● **Task objective**
Across all the entries below, count each line that holds "Black" and report the figure only.

Segment Start: Exercise materials

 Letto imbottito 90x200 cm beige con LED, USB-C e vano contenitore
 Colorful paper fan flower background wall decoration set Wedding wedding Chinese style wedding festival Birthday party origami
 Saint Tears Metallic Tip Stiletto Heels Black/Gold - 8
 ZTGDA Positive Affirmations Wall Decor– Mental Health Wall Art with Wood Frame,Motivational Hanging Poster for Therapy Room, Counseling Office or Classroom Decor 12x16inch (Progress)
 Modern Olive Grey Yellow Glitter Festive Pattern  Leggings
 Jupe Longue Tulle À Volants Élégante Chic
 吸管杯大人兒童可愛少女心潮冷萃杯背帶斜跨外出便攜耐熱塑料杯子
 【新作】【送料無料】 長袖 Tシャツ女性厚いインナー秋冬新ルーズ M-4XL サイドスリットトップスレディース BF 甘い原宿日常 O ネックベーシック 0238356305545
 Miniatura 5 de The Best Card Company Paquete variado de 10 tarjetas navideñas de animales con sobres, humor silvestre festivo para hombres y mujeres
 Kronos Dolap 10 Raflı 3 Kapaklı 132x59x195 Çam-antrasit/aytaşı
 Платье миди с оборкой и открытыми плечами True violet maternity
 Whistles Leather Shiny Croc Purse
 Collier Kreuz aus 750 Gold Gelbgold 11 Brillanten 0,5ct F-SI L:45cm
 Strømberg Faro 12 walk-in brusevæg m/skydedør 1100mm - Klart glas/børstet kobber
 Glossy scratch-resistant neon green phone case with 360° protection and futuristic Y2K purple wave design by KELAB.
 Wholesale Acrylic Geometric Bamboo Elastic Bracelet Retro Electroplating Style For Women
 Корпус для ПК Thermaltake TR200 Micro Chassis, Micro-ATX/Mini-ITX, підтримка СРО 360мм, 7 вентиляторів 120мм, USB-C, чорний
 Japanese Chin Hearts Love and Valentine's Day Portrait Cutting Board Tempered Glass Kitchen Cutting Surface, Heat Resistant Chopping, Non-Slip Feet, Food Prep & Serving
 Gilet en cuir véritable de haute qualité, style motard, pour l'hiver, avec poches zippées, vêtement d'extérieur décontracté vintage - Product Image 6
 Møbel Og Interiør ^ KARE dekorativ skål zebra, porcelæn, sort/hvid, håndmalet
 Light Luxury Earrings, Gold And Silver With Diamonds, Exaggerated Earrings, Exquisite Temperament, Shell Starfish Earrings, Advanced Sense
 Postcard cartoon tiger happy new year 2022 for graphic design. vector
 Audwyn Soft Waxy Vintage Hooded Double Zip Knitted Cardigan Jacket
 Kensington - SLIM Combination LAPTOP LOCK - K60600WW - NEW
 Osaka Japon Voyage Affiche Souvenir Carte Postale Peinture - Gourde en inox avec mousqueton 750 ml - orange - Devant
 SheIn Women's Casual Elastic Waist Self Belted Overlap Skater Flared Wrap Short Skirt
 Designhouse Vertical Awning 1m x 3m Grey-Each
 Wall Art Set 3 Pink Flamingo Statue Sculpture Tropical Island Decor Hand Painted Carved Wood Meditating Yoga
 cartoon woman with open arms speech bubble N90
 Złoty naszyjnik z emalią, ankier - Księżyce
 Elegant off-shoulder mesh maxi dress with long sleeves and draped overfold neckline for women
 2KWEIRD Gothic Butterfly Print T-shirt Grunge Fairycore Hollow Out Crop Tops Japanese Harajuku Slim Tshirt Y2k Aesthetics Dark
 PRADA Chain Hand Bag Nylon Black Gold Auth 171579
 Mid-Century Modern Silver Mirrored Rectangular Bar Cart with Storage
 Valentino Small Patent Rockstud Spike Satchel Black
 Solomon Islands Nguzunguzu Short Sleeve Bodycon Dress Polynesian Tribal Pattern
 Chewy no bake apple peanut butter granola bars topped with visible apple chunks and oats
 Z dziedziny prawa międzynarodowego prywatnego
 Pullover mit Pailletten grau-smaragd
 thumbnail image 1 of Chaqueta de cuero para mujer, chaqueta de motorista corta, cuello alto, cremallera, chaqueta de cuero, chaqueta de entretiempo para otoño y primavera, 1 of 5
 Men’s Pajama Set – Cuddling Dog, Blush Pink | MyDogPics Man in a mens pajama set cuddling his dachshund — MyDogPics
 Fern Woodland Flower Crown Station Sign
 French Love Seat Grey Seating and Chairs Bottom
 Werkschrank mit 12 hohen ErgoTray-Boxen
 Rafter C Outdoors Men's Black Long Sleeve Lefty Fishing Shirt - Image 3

Segment End: Exercise materials

● **Result**
4